My answer: No, why should it?
Now, I am certainly not suggesting that what happened with President Trump is on the same level as what the FFL did. My mind just paralleled the two. Imelda’s act was preempting an already scheduled and, in my humble opinion, a much better program. Can the government do that? In certain cases, yes. Should the government do that? Not all the time. In the case of the US media outlets, they interrupted a speech by their own president. Whether he was lying was beside the point. Besides, who says he was lying? The same media outlets.
Back to Imelda: At the height of their power, the Marcoses controlled the media. Newspapers, TV, and radio broadcasts were censored to favor the administration. The government’s TV station wasn’t the only government TV station, if you know what I mean. Trump doesn’t have that luxury, although I wouldn’t be surprised if some in the media would want him taking over so that they can then legitimately blame him for it.
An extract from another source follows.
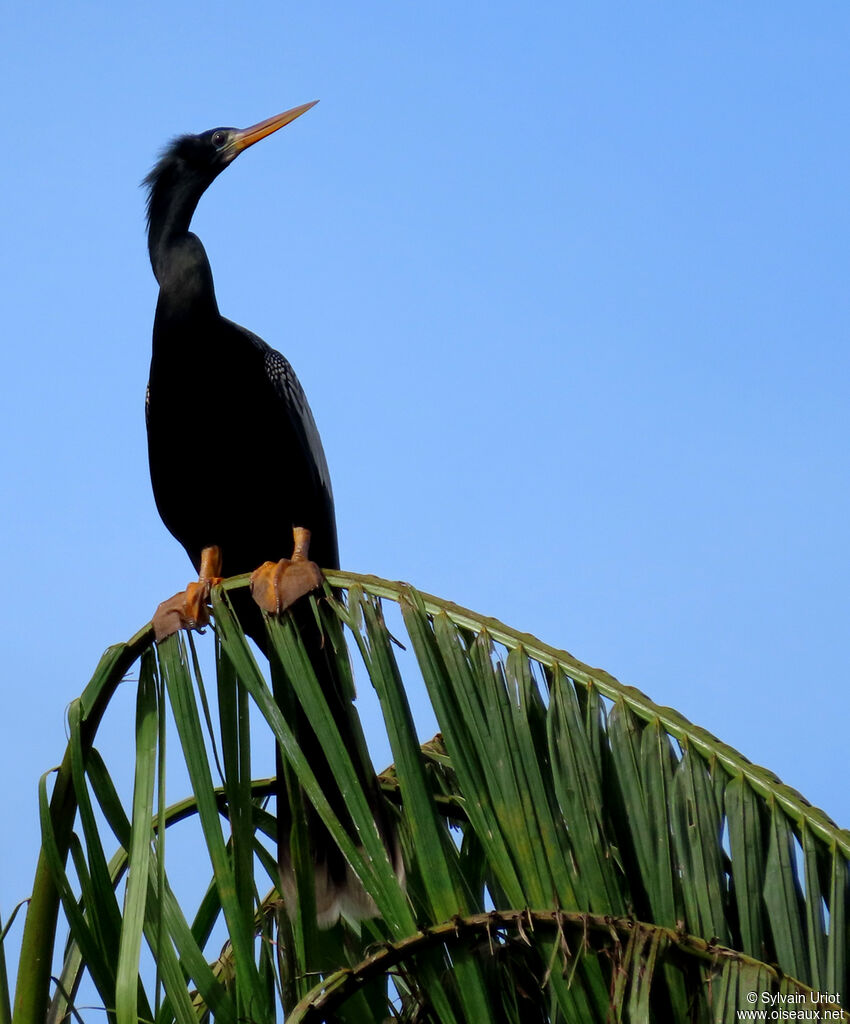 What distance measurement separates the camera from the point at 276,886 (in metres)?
3.18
I certainly have no love lost for President Trump. Do I believe he was a better candidate than Hilly? Perhaps. Is he better than Mr. “Trunalimunumaprzure”? Again, perhaps. Or maybe they’re all evil anyway and it’s battle for who’s the lesser evil. I am not worried about their personalities. What I am afraid of is giving too much power to an entity and unintentionally creating a monster in efforts to combat a less dangerous monster. It’s quite easy to say that the media will do it for the purpose of “fact checking.” But what about if the media just plain doesn’t like you?
Isn’t it the job of the media is to report the news, not make it? Isn’t it their job to report the news as much humanly possible in toto, and not nit and pick in order to form a “narrative.” (I understand that there are cases wherein the media must give a report despite not having all the facts. It’s quite different when the media reports without wanting to know all the facts, or disregarding the facts altogether.) Isn’t that what happened with the pope and his so-called “endorsement” of same-sex marriage? After the release of that particular news, people were reacting to what the headlines claimed the pope said, rather than react to what the pope actually said. If it were the intent of Big Brother Media to confuse people, it definitely succeeded.
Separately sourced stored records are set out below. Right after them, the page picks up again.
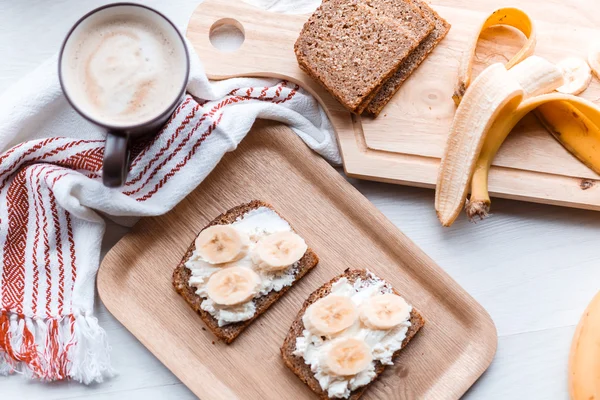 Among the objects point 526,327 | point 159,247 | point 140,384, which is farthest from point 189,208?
point 526,327

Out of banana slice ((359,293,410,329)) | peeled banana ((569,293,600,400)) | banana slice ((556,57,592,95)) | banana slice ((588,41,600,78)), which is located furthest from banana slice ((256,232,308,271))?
banana slice ((588,41,600,78))

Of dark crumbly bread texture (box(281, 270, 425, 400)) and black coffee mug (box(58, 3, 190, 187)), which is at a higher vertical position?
black coffee mug (box(58, 3, 190, 187))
Since I’m not American and Donald Trump is not my president, allow me to provide an illustration closer to home. The few times I’ve tuned in to our own President Duterte, I get very frustrated with his ramblings and mutterings. He certainly does not act like a statesman but more like a drunken grandfather who finally has lost any sense of which way is up. (Is that what Americans feel about President Trump?) Would I favor the media to just interrupt him mid speech and present instead their own version of what’s going on? No, definitely not. Would I prefer that they go over his “speech” afterwards with a fine tooth comb and provide useful information either for or to the contrary? Yes, of course. They would then be doing their job. Would I want him censored? No. I can switch off my TV or watch something else—like the Twilight Zone—and that would be me exercising my right to not listen to someone exercising his right to free speech. But that would be just me and not some entity making the decision for me. Get the drift?
As someone else has already put it, we should be against “proactive censorship…fact checking people mid speech to the point of turning off the broadcast because the media arbiters decide that the people aren’t capable of interpreting the message of their elected national leader.”